Extending Pose Estimation Model for 3D Objects: Customization and Challenges

Question

Extending Pose Estimation Model for 3D Objects: Customization and Challenges

manojs8473 opened this issue 9 months ago · comments

Hello!

First of all, thank you for delivering this incredible work! I've had fantastic results using this approach for human body pose estimation.

I'm interested in customizing the current model to estimate the 3D points of objects like a baseball bat or tennis racket in addition to the 3D points of the human body, which the model already does successfully. I have a few questions and doubts regarding this task:

Customizing Skeleton Hierarchy: Is it possible to customize the current skeleton hierarchy and add new bones or edges to represent the bat or racket? I assume this would be necessary to include these objects in the pose estimation.
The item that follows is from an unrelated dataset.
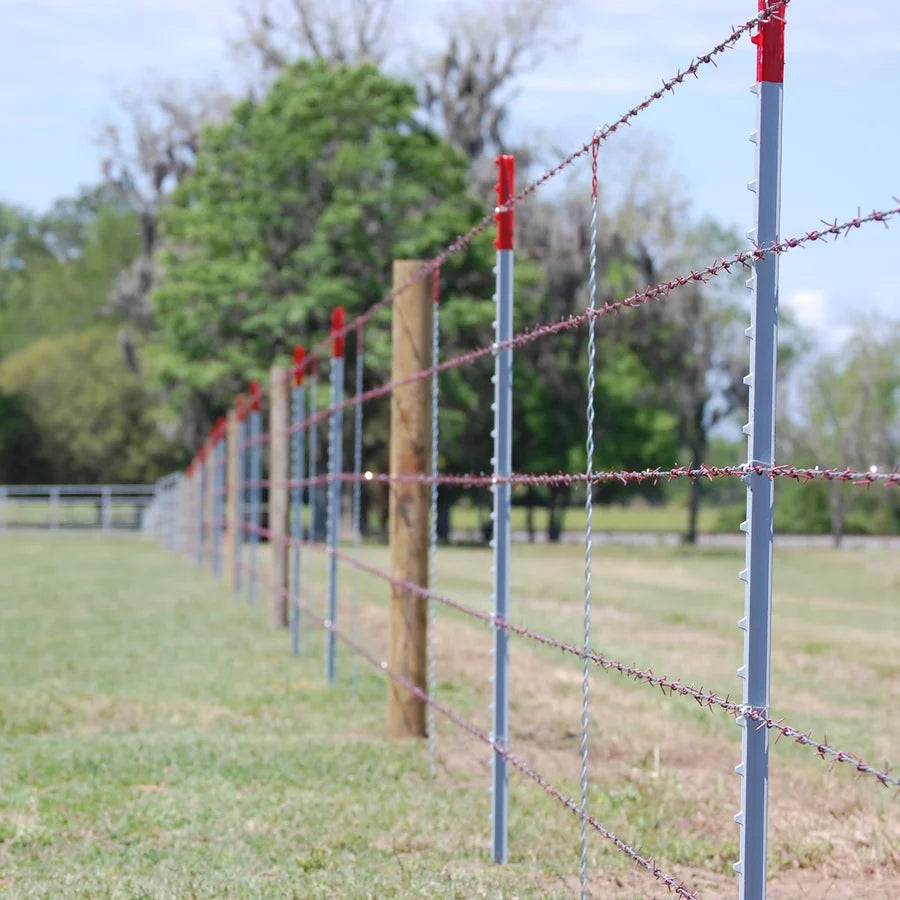 Hutchison HW Studded T-Post | 1.33 lb/ft | Lengths 5' To 8' | Rail Steel | For Farm & Fence Applications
Architectural Changes: What sort of changes will be required in the architecture of the model to accommodate the estimation of 3D points for objects? Are there any specific layers or components that need to be modified or added?

Training Data Volume: Could you provide insights into the volume of data that the model would require for training to achieve good accuracy in estimating the 3D points of both the human body and objects like baseball bats and tennis rackets?

Your comments and suggestions on how to approach this customization would be immensely appreciated. Thank you!

István Sárándi · Answer 1 · Thu Oct 12 2023 18:18:46 GMT+0800 (China Standard Time)

Human-object interaction reconstruction is an already existing direction of research and you might find some relevant approaches there.

But a simple thing could be to define a few object keypoints and train them together. Generally in human pose estimation, it's assumed that the keypoints are always present, which may not be the case with an object. For this the architecture wouldn't change much, only the last 1x1 conv layer would need to output more heatmaps.

It's hard to predict the necessary training data volume, but if the baseball/tennis training and test data is sufficiently similar, it's probably not too much, if it's finetuned from the backbone pretrained on the large human dataset combination.